● **THE DATA**:
******************************

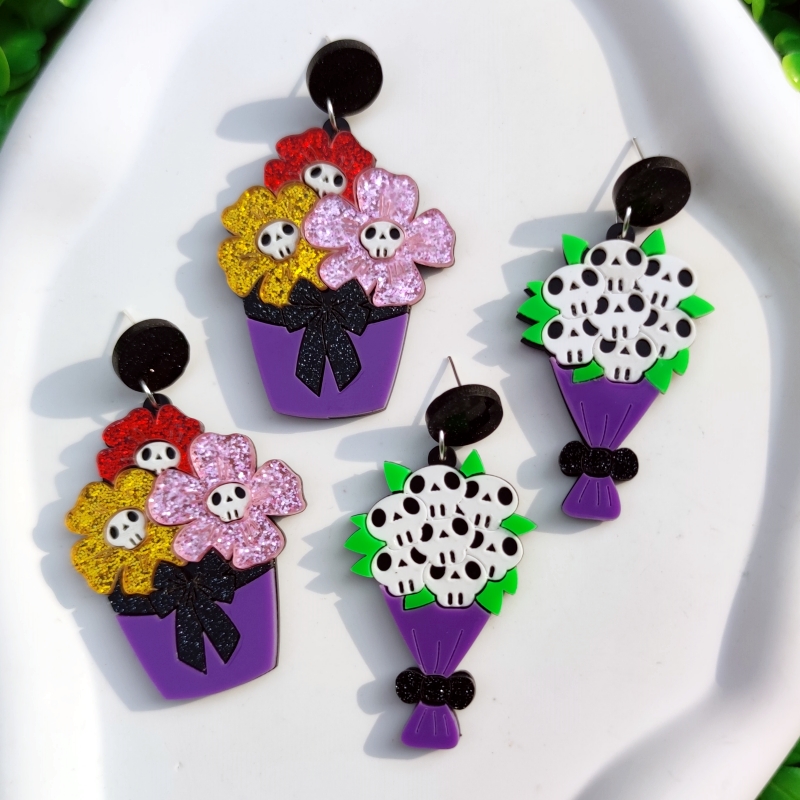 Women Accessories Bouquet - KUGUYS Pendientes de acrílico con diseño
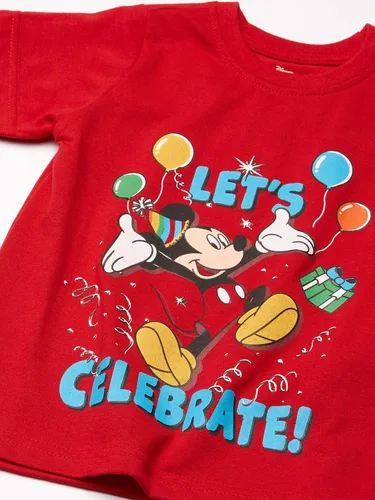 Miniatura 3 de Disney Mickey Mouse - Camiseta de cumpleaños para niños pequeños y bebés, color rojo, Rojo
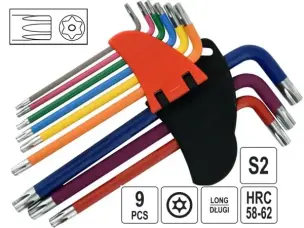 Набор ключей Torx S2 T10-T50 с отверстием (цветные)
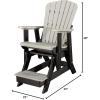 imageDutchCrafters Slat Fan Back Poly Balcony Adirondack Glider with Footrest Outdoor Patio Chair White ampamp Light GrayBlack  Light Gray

******************************

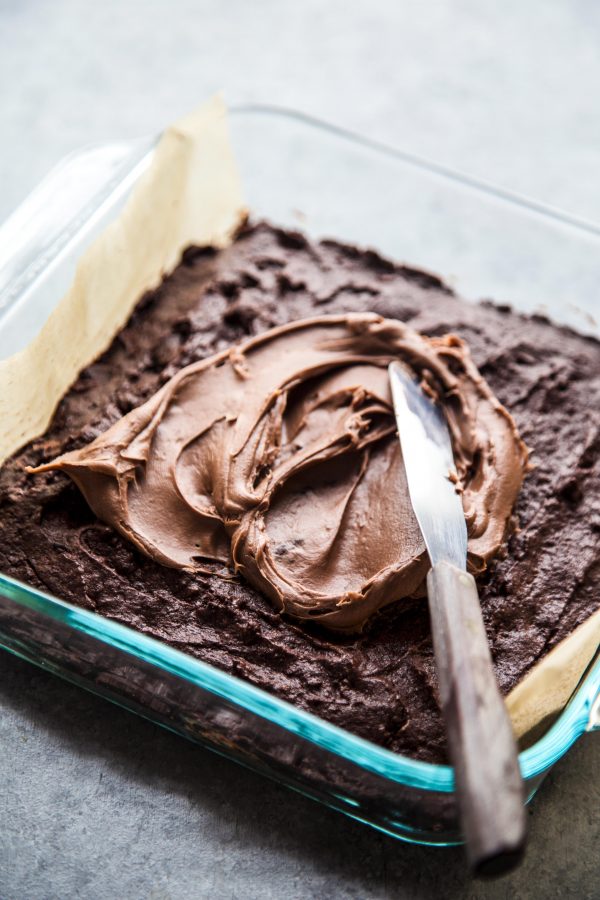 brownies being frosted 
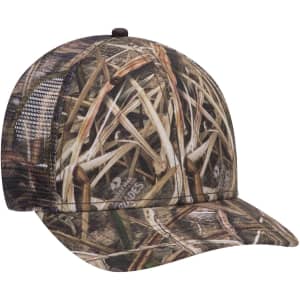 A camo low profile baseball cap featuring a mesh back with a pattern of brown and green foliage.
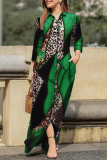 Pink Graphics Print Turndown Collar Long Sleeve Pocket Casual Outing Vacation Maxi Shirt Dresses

******************************

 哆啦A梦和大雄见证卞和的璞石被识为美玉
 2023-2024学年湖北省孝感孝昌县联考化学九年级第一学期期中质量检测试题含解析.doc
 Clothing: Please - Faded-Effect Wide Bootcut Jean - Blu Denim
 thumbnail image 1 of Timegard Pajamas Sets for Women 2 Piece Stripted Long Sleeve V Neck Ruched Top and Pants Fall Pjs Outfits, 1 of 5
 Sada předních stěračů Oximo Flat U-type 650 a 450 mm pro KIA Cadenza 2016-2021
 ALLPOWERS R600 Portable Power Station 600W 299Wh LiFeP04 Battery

******************************

● **WORK REQUIRED**:
Taking the entries above, print exactly the lines starting at the line with "Sada předních stěračů" and ending at the line with "ALLPOWERS R600 Portable", both included.

● **SOLUTION TO THIS EXERCISE**:
 Sada předních stěračů Oximo Flat U-type 650 a 450 mm pro KIA Cadenza 2016-2021
 ALLPOWERS R600 Portable Power Station 600W 299Wh LiFeP04 Battery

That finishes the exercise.